JURNALKALIMANTAN.COM, BANJARMASIN – Jembatan Paringin yang beberapa hari terakhir mengalami kerusakan, dikeluhkan oleh masyarakat sekitar yang sehari-hari melintas.

Hal ini mendapat perhatian serius dari komisi III DPRD Provinsi Kalimantan Selatan (Kalsel), yang membidangi pembangunan dan infrastruktur.

Untuk itu Komisi III DPRD Kalsel ,Kamis (1/9/2022) bergerak cepat dengan memanggil Balai Pelaksanaan Jalan Nasional (BPJN) Kalsel dalam menggali informasi terkait rusaknya jembatan paringin.

Kepala BPJN Kalsel ,Syauqi Kamal, ST, MT, mengatakan, saat ini jembatan tersebut sedang dalam proses perbaikan.

Dalam masa perbaikan tersebut, BPJN Kalsel mengupayakan untuk membuat Fly Over Brigde (FOB), supaya masyarakat pengguna jalan dengan kendaraan roda dua dan mobil pribadi masih bisa melintas di satu jalur secara bergantian.

“Adapun untuk kendaraan roda 6 dihimbau menggunakan jalur alternatif lain, melewati jalur kabupaten Hulu Sungai Utara (HSU),”Jelasnya.

Lebih lanjut Syauqi menjelaskan, perbaikan jembatan Paringin kali ini memakan waktu 2 bulan dengan menelan biaya sebesar sekitar 25 milyar rupiah, tambahnya.

Sementara itu, Wakil ketua komisi III DPRD Kalsel, Muhamad Rosehan NB, mengungkapkan selalu ada hikmah dibalik setiap kejadian.

“Jembatan di Paringin itu nantinya akan di buat jembatan kembar.
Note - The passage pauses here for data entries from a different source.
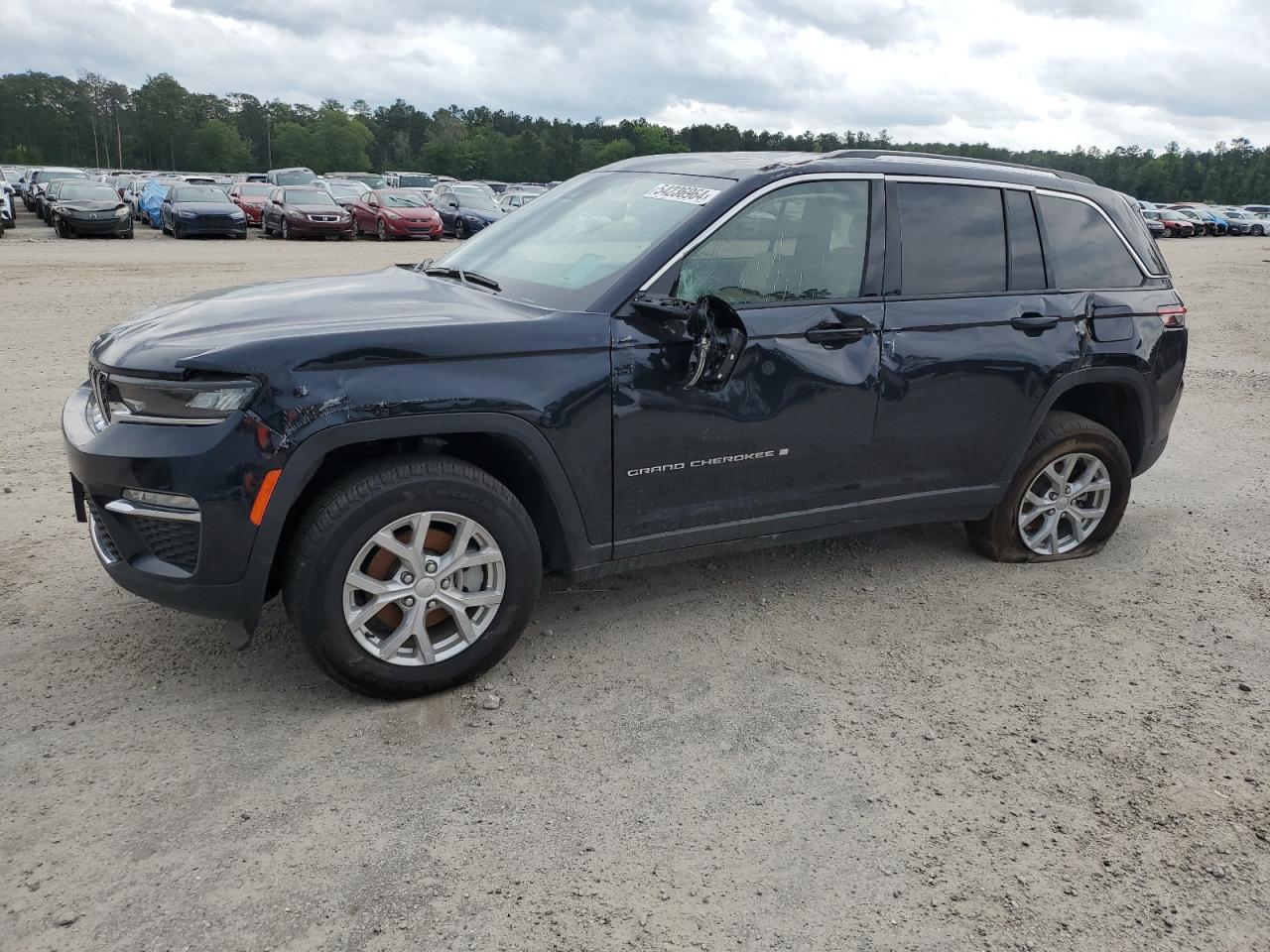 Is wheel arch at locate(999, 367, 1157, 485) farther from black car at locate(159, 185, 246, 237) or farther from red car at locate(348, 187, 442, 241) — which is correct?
black car at locate(159, 185, 246, 237)

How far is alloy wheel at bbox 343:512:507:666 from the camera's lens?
10.8 ft

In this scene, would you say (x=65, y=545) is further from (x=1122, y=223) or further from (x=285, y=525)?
(x=1122, y=223)

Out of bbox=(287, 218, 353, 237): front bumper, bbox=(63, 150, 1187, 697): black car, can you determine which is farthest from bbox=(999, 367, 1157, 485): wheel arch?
bbox=(287, 218, 353, 237): front bumper

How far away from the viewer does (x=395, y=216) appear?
2473cm

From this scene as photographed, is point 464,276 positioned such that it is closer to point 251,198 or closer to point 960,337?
point 960,337

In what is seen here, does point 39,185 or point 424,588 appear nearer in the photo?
point 424,588

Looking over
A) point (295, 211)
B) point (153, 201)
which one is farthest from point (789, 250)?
point (153, 201)

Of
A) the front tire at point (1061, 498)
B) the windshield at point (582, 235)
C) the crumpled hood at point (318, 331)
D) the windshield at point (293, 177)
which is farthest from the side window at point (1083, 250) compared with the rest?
the windshield at point (293, 177)

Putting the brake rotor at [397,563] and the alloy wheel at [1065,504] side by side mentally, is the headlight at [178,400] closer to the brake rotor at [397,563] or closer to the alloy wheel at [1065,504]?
the brake rotor at [397,563]

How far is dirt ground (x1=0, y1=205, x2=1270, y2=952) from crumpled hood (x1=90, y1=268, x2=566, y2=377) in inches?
47.3

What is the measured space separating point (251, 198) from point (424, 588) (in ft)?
95.7

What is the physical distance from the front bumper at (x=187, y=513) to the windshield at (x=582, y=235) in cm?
126

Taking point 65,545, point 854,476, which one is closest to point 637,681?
point 854,476

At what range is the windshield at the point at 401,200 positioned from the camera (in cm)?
2539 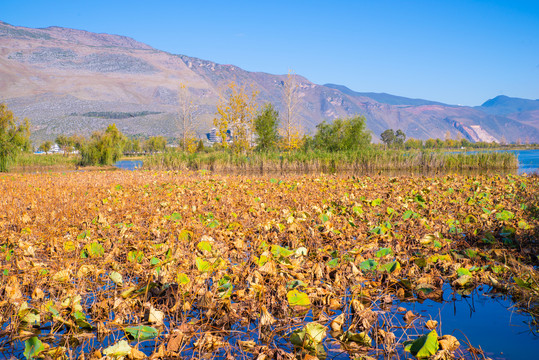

Jembatan kembar yang menelan biaya 30 milyar rupiah tersebut, akan mulai di kerjakan tahun 2023 mendatang,”ungkap Politisi PDIP Kalsel tersebut.

Ia juga berharap, kesabaran untuk semua masyarakat, khususnya masyarakat Paringin dan masyarakat HSU, yang nantinya menjadi jalur alternatif selama masa pengerjaan perbaikan jembatan, yang diperkirakan kurang lebih selama 2 bulan.

“BPJN Kalsel juga akan banyak melakukan perbaikan – perbaikan jembatan di daerah Hulu Sungai, mengingat banyaknya jembatan – jembatan yang berumur tua yang membahayakan penggunanya,”tandasnya.